> _Entries provided_
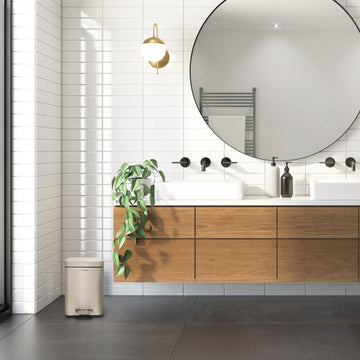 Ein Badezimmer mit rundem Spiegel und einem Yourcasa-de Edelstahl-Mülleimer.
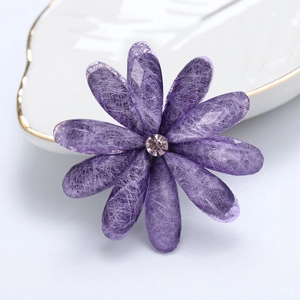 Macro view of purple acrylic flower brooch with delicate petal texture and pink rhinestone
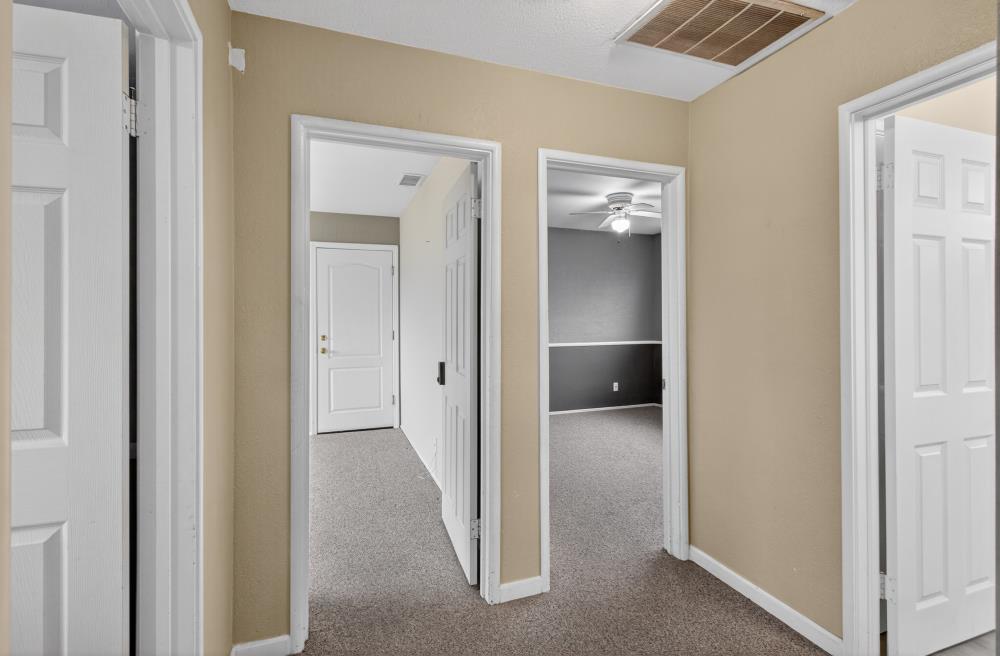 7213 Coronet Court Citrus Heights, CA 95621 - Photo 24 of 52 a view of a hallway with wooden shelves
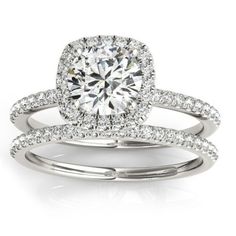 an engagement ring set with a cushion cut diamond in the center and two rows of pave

--

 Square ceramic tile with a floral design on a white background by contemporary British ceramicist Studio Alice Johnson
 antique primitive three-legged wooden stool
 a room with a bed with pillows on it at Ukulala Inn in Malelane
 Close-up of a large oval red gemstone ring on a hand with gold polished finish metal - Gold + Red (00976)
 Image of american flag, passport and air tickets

> _Your instructions_
Please copy out from the data above, without any picture, exactly the lines running from the one that holds "Ein Badezimmer mit" through the one that holds "an engagement ring", and nothing beyond them.

> _Problem solution_
 Ein Badezimmer mit rundem Spiegel und einem Yourcasa-de Edelstahl-Mülleimer.
 Macro view of purple acrylic flower brooch with delicate petal texture and pink rhinestone
 7213 Coronet Court Citrus Heights, CA 95621 - Photo 24 of 52 a view of a hallway with wooden shelves
 an engagement ring set with a cushion cut diamond in the center and two rows of pave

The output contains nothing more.